Although he was reluctant to say so, during the leadership contest he finally agreed he would serve under his brother Ed if he lost. But he didn't specify in what capacity.
Many of his supporters were emotional in the wake of his narrow defeat and one of the most prominent among them told me that agreeing to work for his brother in theory was fine, but in practice - as his loss sunk in - he felt differently.
The last place David Miliband wanted or needed to be was in the hothouse atmosphere of Labour's conference, under the camera lights, his every move reported.
He took some time out on Sunday afternoon but received phone calls and text messages from his brother.
Ed's supporters told me at that time they were very confident he would take a shadow cabinet position though no formal offer of shadow chancellor had been put on the table.
David was, of course, also having discussions with other members of his family - including his wife, Louise. He had been talked of as a future leader since 2007, when Tony Blair stood down, putting a degree of constant pressure on his life outside of politics.
In the end, by not resigning along with his friend James Purnell in 2009 he had bolstered Gordon Brown.
Now he was being asked to hang on in there, with all those pressures that front-rank politics brings, to bolster another leader he thought was less talented than himself.
Throughout the leadership contest, he had said if he believed his brother would be a better leader he would have been running his campaign instead.
Nonetheless, just because he had lost the leadership battle, initially he wouldn't rule out standing for the shadow cabinet.

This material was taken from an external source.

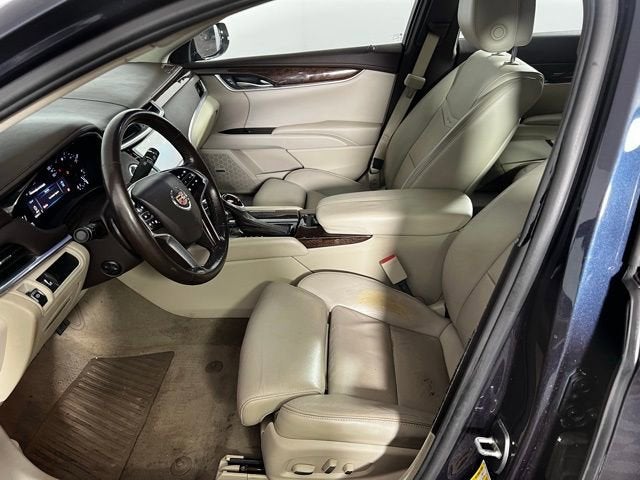 2013 Cadillac XTS Luxury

But his speech on Monday, and its aftermath - while not finally making up his mind - certainly created a more downbeat assessment that it would be possible to work with Ed at Labour's top table.

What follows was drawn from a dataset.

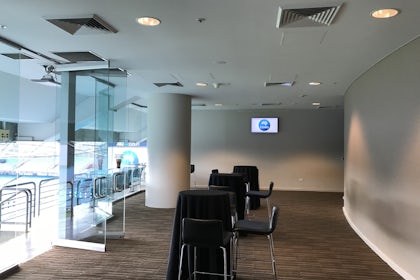 Private Suites 3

When he simply tried to leave the building after the speech, and told the pack of reporters and camera crews who were pursuing him he was "on the way out", the BBC hit a nerve by asking, "Are you really on the way out?"
But it wasn't this ribbing that worried him, but a question of substance.
Following the speech, he holed up in a backroom of the Livebait restaurant with some of those who had toiled the hardest on his behalf during the leadership bid.
Although it was an emotional meeting, David was said to be hard-headed in his view that he would do what was best for both Ed and for the Labour party - and that wasn't necessarily to take a front-bench job.
A crucial incident took place that day which made him doubt if it could ever work to have not just Blair/Brown rivals at the top of the party - an era they had witnessed at close range as advisers in Number 10 and 11 Downing Street - but two brothers.
Following his speech to conference he expected to be asked about his brother and about his own career intentions.
But the question which threw him was on the US. He was asked about his differences with Ed - who has criticised the last Labour government's closeness to the US on foreign policy.
David regards the substantive - rather than rhetorical - differences as slight. But this all but convinced him that every nuance between him and his brother would be pored over by the media at the expense of scrutinising potentially far more divisive differences at the heart of the coalition government.
But there were two other considerations. Some differences are real, not rhetorical - especially on the speed at which the deficit should come down.
As shadow chancellor that could be tricky. Continuing as shadow foreign secretary would be tricky too, given the differences over Iraq.
But the other problem was not simply about disagreements, but performance.
David's speech had gone so well that London's Evening Standard newspaper was suggesting he could overshadow his brother.
And there was a major reason why this was seen as problematic: legitimacy.
The real leader
Under Labour's three-way electoral college, David had won the most support from party members and MPs. Ed had won only among trade unions and affiliated societies, such as think tanks and interest groups.
If David did well in the House of Commons, then Conservative MPs might bait his brother by calling for Labour's real leader to stand up. That is like giving an already raw nerve sciatica.
But still a section of David's supporters were urging him to stay on - some in the strongest terms, with one suggesting it would be "a dereliction of duty" to stand aside.
Meanwhile, they were working overtime behind the scenes to ensure that if he did go, at least some of his supporters would get on to the shadow cabinet. They got that assurance on Tuesday - along with confirmation that the shadow chief whip Nick Brown, seen as close to Gordon Brown and an opponent of David Miliband - would be removed. But even that didn't persuade David to stay on the frontbench.
Those close to him urged him to leave conference and get some perspective - making the right decision would be better than a rushed decision.
But his opponents in Manchester were now heaping derision upon him, suggesting his inability to declare his intentions proved that he would have been a poor leader all along.
Against this backdrop, frustration clearly got the better of him on Tuesday when he witnessed deputy leader Harriet Harman applaud his brother's denunciation, in his leader's speech, of the Iraq war which he had supported.
So, he took the advice to go home to decide whether to close the door on front bench politics. At least for now.